As per the text above when comparing the reference code to my code.. I saw the first point of call was that the reference code was not calling a separate function for getting the min/Max temperature. However whilst pulling out the code to do this I saw that I accessed the map multiple times per weather station which inherently seems inefficient to me.

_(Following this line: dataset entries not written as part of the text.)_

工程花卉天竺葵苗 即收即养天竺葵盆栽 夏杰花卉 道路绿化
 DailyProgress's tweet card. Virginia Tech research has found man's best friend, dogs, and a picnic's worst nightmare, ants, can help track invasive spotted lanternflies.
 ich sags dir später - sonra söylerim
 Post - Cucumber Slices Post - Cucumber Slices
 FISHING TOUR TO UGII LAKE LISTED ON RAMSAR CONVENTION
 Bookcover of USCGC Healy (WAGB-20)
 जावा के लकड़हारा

Lets see what happens if I get the weather station data once per line of the text.
func myCode() {
if len(os.Args) < 2 {
panic("No arguments")
}
fileName := os.Args[1]
// Open File
file, fileError := os.Open(fileName)
defer file.Close() // This will close the file after the function has been run.
if fileError != nil {
panic(fileError)
}
// Start processing the records
stations := make(map[string]*StationData)
scanner := bufio.NewScanner(file)
for scanner.Scan() {
line := scanner.Text()
parts := strings.Split(line, ";")
stationName := parts[0]
// To do, change float to int
temp, parseError := strconv.ParseFloat(parts[1], 64)
if parseError != nil {
fmt.Printf("Error parsing float on line, " + line)
panic(parseError)
}
station := stations[stationName]
if station == nil {
stations[stationName] = &StationData{temp, temp, temp, 1}
} else {
station.count += 1
station.total += temp
station.min = getMin(station.min, temp)
station.max = getMax(station.min, temp)
}
}
for key, value := range stations {
average := value.total / float64(value.count)
fmt.Printf("%s=%f/%f/%f\n", key, value.min, value.max, average)
}
}
This is such a small impact that quite frankly I think the environment of me doing other tasks likely impacted this. This increase in speed is negligible I am willing to ignore it at this stage. But to be considered in the future.
I wanted to consider how changing the file scanning would work. Time to start reading about bufio.scaner
for scanner.Scan() {
scanner.Text() // or
scanner.Bytes()
}
- Bytes 28s
- Text 31.651927s Not much difference between the two!
Note I just spent the last few hours understanding how channels, mutexs and how the go runtime works!